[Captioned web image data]

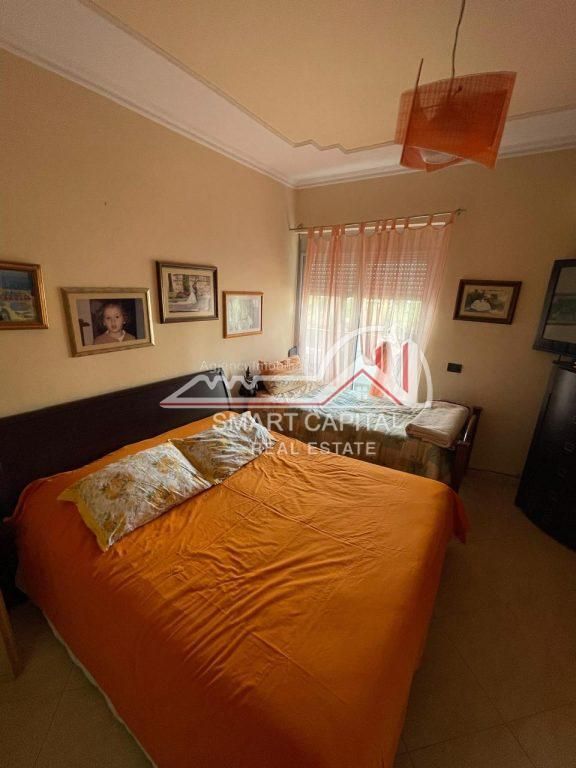 SHITET APARTAMENT 3 + 2 NË VLORE, PRANE SHKOLLES INDUSTRIALE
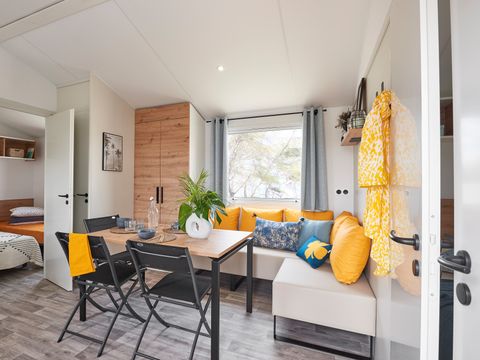 MOBILHOME 7 personnes - PREMIUM 3 chambres - 32m2 - avec CLIM + WIFI + TV - Terrasse couverte de 16m2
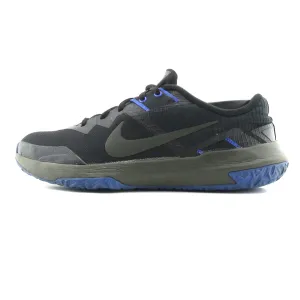NIKE VARSITY COMPETE TR 3 Nike bold colorway footwear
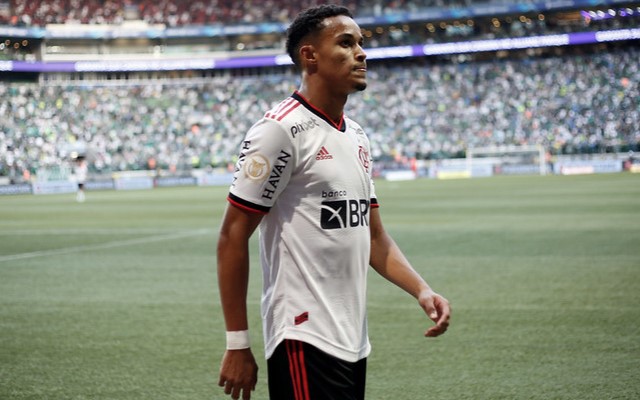 Lázaro entra na mira de mais 3 clubes europeus em meio a imbróglio com Flamengo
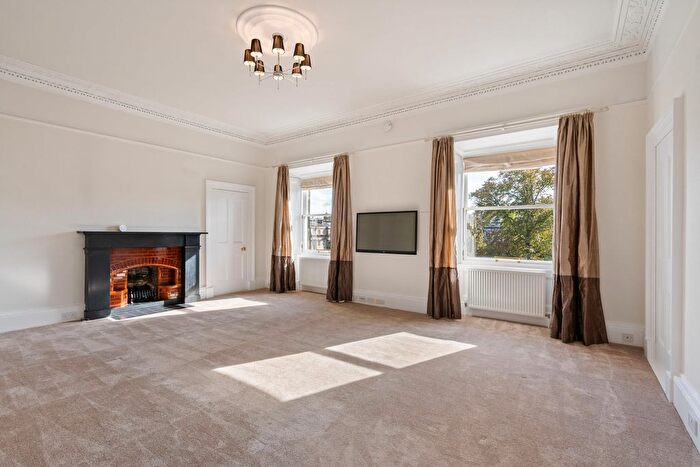 3 Bedroom Flat To Rent In Moray Place, New Town, Edinburgh, EH3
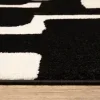 Tapete Reyna Laberinto en Negro con Marfil, detalle de la textura 4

> _Assignment_
Return the entries verbatim without images.

> _Finished task_
 SHITET APARTAMENT 3 + 2 NË VLORE, PRANE SHKOLLES INDUSTRIALE
 MOBILHOME 7 personnes - PREMIUM 3 chambres - 32m2 - avec CLIM + WIFI + TV - Terrasse couverte de 16m2
NIKE VARSITY COMPETE TR 3 Nike bold colorway footwear
 Lázaro entra na mira de mais 3 clubes europeus em meio a imbróglio com Flamengo
 3 Bedroom Flat To Rent In Moray Place, New Town, Edinburgh, EH3
 Tapete Reyna Laberinto en Negro con Marfil, detalle de la textura 4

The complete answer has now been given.